Software Supply Chain Attacks, Part 2: Open source software

Author avatar
by Martin Hell
2021-12-10
9 min
Software Supply Chain Attacks, Part 2: Open source software

The use of open-source software is an ideal example of a software supply chain. Basically, all software depends on some open-source software, and often lots of it. This makes this software particularly interesting from a software supply chain attack perspective. 

In our previous post, we discussed supply chain attacks in general. Here, we will continue this discussion, but turn our attention to the open-source ecosystem and its role in the attacks.


Go to other posts in our Software Supply Chain attack series:

Software Supply Chain Attacks, Part 1: Defining and Understanding the Attack

Software Supply Chain Attacks, Part 3: The Role of Software Composition Analysis

Software Supply Chain Attacks, Part 4: Initiatives to Support Mitigations

Supply chain attacks in open source software

All companies that develop software are part of a supply chain. They assemble software using many third-party components, or dependencies, which often are open source. In this case, the creators of these components are suppliers, while the software product manufacturers are customers. This means that each dependency is a potential first attack target where the software using such dependency is the real target.

The Solarwinds, Keseya, and Codecov software supply chain attacks have received much attention in the media. Despite being unique in the attack details, they have one thing in common: the attackers targeted software code by adding malware to the code. This modified code was then downloaded and used by customers. The three are all private companies with proprietary software. The software is developed in-house and distributed through their own software distribution platform.

For OSS, there is added complexity including multiple diverse maintainers, software code repositories, and package distribution platforms.
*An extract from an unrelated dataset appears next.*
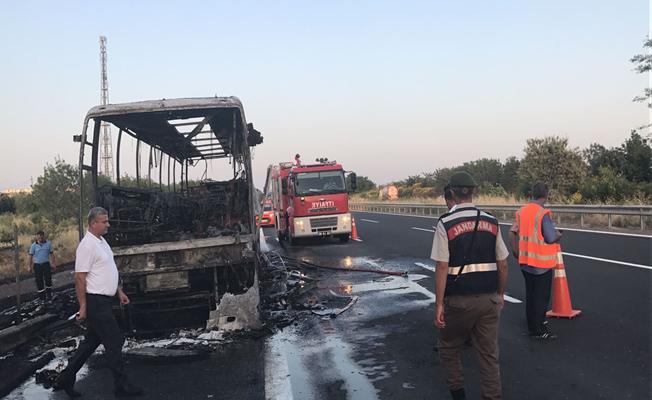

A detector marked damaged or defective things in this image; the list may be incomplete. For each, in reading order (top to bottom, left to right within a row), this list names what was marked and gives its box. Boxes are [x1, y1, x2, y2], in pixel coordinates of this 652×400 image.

burned bus [73, 97, 262, 334]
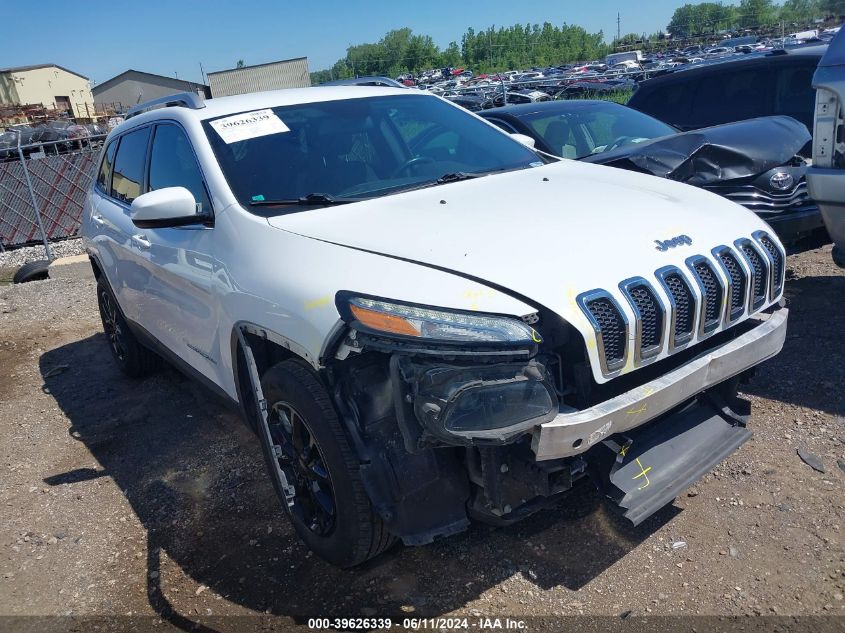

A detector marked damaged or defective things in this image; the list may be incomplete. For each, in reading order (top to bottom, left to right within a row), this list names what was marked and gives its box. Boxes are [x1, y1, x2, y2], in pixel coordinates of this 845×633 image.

damaged front bumper [532, 306, 788, 460]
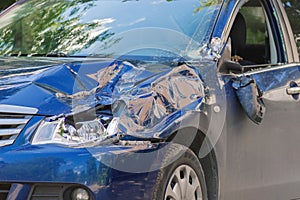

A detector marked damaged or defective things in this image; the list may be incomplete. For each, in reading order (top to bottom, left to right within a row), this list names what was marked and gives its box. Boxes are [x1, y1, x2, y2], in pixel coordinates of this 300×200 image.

Though all these factors contribute to the success of OSS, they do open up a wide range of possibilities to initiate a supply chain attack. There is a sometimes extreme many-to-many relationship between suppliers and customers. According to GitHub, the median number of transitive dependencies for a JavaScript project is 683. This means that not only will an OSS component be used by many customers, but each customer also uses a lot of OSS components.

We define a supply chain attack in the context of open-source software as an attack where a dependency is modified to include malicious code. This dependency is then included by other software, allowing the malicious code to run as part of that software. Referring to the definition in our previous blog post, the supplier asset is the code for the dependency. The attack techniques used to compromise the supplier can vary, which will be further detailed below.
Parts of this post are inspired by Ohm et al. – Backstabber’s Knife Collection: A Review of Open Source Software Supply Chain Attacks, which was published at DIMVA 2020.

Open source development environment

To better understand and contextualize supply chain attacks in open source software, let us briefly sketch a typical open source development environment. We divide the supporting tools and services into three main categories: the version control system, the build system, and the distribution platform.

An overview of the open source development environment

Version Control System

The software is developed, controlled, and maintained using the Version Control System (VCS). This is also called Source Code Management (SCM). The older CVS and Subversion tools have today to a large extent been replaced by the distributed revision control tool Git. While Git can be used locally, most software is today hosted on a remote system that supports version control with Git. GitHub is the main such provider, also offering access control, bug tracking, task management, and continuous integration. Bitbucket is another well-known hosting service provider. GitLab is an example of a management tool for Git repositories. It provides version control, software management, and several DevOps-related functionalities. 

A number of maintainers regularly work on the code, committing their updates to the Git repository. Moreover, the community can contribute their own suggested changes and improvements. This is achieved by creating pull requests that the maintainers can review and incorporate into the repository.

Build system

In modern development, the build system consists of a build automation tool. This automates the process of compiling, linking, testing, and packaging the software. They integrate with the version control system. Some tools also include support for plugins. Importantly, they also include support for dependency management, being able to pull dependencies from a distribution platform, using a package manager. Some well-known build automation tools are Maven and Gradle (for Java), NAnt (for .NET), Webpack and Grunt (for JavaScript), Phing (for PHP), and Bazel that supports multiple languages.

Distribution platform

The distribution platform is used as a registry and storage of published open-source packages. It provides a centralized repository to find all dependencies that are used in a software project. The build system can pull the required dependencies at build time, updating to newer versions if required. 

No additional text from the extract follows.